I haven’t felt much like blogging lately, having completed my journey from East to West (or from my perspective, really far West to less West) and enjoying my new life of Cheez-its, private health insurance, and superwide supermarket aisles. One immediate reflection: 3 of the 4 car salesmen we saw before we settled on our blue Prius were second language speakers. This is something I really enjoy about California.
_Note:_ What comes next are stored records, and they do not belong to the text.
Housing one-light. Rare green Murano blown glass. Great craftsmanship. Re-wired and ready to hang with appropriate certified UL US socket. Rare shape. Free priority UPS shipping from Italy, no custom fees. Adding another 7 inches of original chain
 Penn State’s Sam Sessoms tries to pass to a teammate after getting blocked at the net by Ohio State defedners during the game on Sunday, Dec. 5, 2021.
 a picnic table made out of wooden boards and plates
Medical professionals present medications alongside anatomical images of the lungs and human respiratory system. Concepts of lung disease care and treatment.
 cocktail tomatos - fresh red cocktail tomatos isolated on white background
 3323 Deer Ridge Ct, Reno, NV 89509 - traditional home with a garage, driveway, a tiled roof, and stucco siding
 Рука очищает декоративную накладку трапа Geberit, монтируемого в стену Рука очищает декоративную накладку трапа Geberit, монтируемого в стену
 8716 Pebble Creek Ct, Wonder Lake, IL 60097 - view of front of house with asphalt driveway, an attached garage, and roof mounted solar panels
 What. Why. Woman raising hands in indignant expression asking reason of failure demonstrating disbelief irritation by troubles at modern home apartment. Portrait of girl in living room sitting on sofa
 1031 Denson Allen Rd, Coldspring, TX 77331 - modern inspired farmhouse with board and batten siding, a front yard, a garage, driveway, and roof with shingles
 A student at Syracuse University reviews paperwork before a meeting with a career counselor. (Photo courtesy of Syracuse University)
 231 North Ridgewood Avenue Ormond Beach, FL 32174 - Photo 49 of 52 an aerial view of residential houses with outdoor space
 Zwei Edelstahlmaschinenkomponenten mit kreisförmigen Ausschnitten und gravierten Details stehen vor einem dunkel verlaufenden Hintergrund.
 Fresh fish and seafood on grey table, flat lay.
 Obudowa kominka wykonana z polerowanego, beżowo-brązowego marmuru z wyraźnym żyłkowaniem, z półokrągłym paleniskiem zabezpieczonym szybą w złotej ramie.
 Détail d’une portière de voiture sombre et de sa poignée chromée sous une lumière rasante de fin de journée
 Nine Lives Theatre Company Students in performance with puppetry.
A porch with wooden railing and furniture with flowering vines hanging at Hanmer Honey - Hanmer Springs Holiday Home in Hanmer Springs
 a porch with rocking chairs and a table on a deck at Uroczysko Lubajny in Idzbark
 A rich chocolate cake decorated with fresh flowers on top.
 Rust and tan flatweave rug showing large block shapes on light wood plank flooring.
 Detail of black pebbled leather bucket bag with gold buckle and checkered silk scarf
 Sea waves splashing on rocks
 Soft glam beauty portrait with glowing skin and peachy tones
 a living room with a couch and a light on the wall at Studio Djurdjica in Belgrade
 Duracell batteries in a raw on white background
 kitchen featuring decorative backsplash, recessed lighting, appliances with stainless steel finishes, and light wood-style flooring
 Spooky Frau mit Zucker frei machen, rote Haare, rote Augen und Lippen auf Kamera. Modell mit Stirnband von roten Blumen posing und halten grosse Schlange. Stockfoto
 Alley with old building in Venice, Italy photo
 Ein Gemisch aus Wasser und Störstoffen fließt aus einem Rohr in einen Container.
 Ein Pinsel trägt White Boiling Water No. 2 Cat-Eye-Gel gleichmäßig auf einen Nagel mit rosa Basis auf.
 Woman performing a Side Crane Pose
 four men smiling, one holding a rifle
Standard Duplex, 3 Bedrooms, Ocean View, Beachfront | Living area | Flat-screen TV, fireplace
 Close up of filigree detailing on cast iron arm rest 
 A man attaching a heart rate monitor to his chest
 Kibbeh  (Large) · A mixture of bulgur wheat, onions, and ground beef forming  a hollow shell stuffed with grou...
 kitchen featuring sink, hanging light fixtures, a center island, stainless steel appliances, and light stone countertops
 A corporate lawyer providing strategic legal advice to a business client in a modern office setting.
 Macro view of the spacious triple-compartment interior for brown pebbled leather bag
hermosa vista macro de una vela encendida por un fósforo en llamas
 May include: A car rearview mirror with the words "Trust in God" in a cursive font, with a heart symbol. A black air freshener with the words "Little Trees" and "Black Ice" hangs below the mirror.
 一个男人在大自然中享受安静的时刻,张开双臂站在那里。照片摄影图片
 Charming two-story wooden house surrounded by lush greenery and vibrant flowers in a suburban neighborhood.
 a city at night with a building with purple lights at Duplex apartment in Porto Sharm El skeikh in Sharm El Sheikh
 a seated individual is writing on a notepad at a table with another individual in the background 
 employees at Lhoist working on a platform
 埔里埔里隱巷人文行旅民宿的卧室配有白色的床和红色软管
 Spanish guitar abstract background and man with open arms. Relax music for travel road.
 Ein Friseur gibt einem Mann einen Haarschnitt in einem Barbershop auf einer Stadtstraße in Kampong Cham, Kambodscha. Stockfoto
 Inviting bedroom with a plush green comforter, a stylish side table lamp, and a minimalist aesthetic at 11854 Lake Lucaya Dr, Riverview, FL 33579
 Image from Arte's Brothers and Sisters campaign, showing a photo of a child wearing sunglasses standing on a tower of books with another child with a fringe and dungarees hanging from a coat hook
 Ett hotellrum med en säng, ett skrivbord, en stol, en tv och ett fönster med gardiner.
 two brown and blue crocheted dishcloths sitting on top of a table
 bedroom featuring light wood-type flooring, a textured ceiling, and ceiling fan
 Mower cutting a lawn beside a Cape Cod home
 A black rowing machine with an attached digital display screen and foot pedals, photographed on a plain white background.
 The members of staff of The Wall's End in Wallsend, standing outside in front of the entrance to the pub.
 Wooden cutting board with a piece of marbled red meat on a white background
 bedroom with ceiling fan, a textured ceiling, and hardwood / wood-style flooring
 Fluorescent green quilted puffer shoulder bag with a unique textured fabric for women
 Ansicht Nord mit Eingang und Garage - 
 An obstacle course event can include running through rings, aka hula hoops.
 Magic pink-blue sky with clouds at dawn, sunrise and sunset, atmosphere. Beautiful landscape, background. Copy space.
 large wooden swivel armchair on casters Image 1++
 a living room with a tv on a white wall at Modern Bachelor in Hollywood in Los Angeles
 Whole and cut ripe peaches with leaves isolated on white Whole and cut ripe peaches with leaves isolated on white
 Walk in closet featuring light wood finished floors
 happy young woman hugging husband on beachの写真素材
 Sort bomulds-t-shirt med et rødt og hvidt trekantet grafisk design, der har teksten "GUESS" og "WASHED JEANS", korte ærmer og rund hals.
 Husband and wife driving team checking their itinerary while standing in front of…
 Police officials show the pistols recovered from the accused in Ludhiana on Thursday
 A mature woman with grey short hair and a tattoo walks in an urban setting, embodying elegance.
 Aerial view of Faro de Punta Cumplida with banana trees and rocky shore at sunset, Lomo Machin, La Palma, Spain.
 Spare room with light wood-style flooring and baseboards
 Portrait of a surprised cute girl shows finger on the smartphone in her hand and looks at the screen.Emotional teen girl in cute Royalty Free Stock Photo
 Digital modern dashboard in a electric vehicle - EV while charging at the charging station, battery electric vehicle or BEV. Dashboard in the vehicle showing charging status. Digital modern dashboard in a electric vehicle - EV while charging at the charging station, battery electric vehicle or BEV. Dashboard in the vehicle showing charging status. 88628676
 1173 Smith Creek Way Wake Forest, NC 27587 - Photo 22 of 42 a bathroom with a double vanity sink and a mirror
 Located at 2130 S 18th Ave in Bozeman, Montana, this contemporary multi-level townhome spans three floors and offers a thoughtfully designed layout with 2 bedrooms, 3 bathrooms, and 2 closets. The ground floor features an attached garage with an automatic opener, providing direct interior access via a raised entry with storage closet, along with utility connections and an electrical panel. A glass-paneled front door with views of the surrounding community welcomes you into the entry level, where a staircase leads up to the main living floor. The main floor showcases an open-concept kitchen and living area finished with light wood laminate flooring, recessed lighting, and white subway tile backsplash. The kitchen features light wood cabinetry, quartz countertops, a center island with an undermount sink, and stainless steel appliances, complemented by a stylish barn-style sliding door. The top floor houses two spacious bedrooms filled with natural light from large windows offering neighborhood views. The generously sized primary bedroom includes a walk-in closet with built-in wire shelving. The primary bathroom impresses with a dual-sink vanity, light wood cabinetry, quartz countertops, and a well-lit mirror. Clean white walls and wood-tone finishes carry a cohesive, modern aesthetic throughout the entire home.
Anyway, I thought I would share as a bit of a public service what my experience has been job-hunting here so far, compared to back where I used to live.
More uncanny valleys
Fairly recent MAs like me tend to fall into an experience trap, one which divides mostly private-market language teachers from university teachers in Japan (speaking here of the native-speaking positions) and private ESL teachers from university and junior/community college ESL teachers in the US. Private ESLs here, much like eikaiwas in Japan, consider my decade-plus of teaching and my MA kind of like the highest trim option on a car: mostly unnecessary, likely expensive, and anxiety-producing (because you’re afraid of scratching it or it driving off in search of richer owners. I’d say that analogy has reached its limits). On the other hand, universities in Japan almost universally require “3 years’ experience” teaching at the undergraduate level in other Japanese universities, and college/JC ESLs in the US require something similar. Any of the 4 teaching milieux I’m describing see experience in all the others as mostly irrelevant or even a burden. Teachers in my position, moving from one milieu to another, seem to need connections to get that precious first foot in the door, as our experience and CVs place us at an oddly neither-here-nor-there place.
I’ll keep adding more on this topic as I actually start working. In the meantime, more Cheez-its.